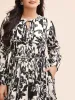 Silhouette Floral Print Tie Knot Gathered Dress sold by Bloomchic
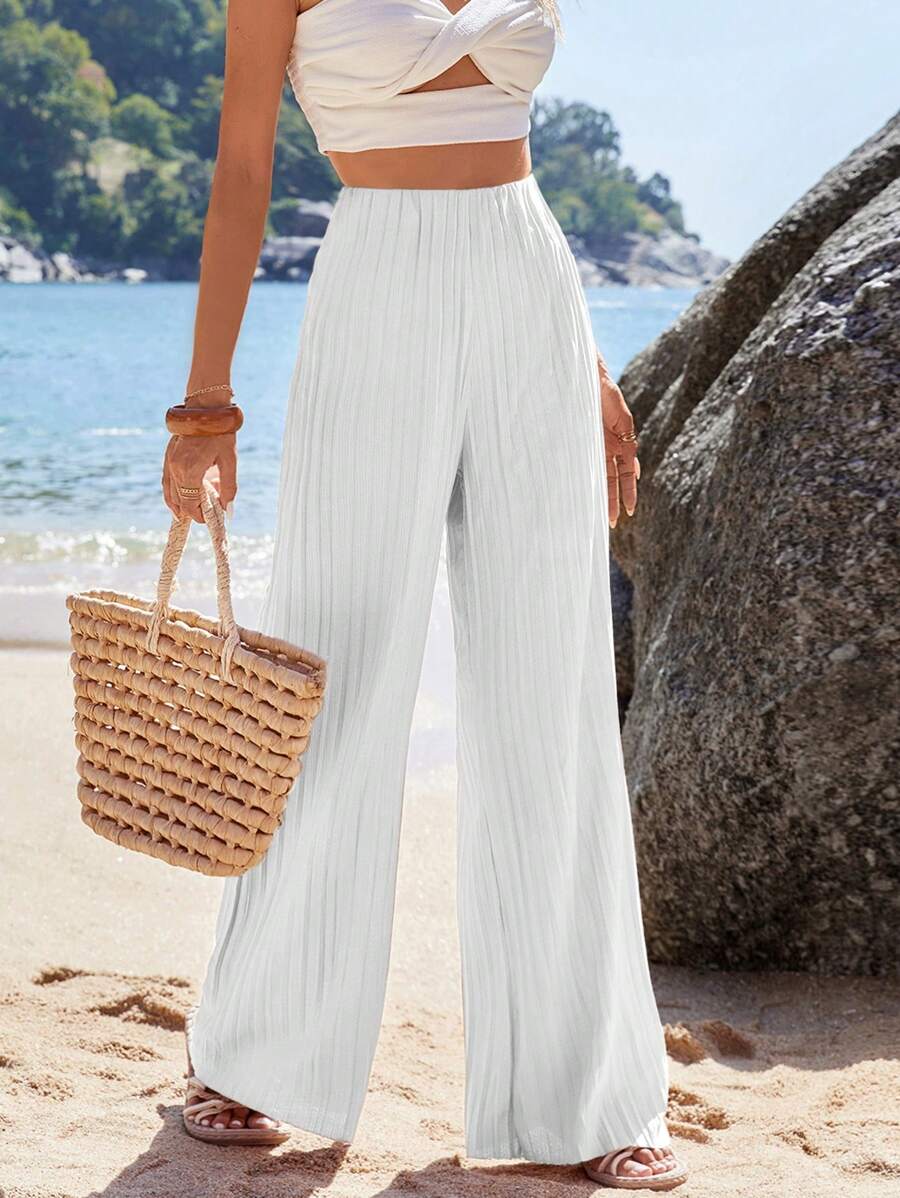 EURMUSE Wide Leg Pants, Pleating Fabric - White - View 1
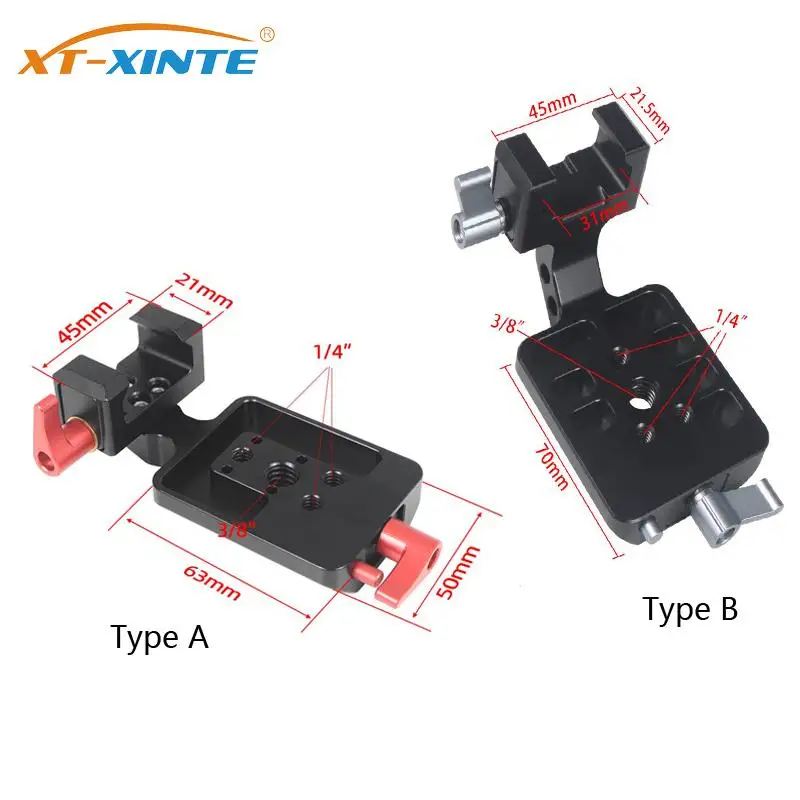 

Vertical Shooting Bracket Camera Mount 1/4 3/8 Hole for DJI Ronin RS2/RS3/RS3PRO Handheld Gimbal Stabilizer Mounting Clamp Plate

**ACTIVITY**
Could you retype exactly the lines running from the one with "EURMUSE Wide Leg" to the end of the material above, pictures omitted?

**THE COMPLETED TASK**
 EURMUSE Wide Leg Pants, Pleating Fabric - White - View 1

Vertical Shooting Bracket Camera Mount 1/4 3/8 Hole for DJI Ronin RS2/RS3/RS3PRO Handheld Gimbal Stabilizer Mounting Clamp Plate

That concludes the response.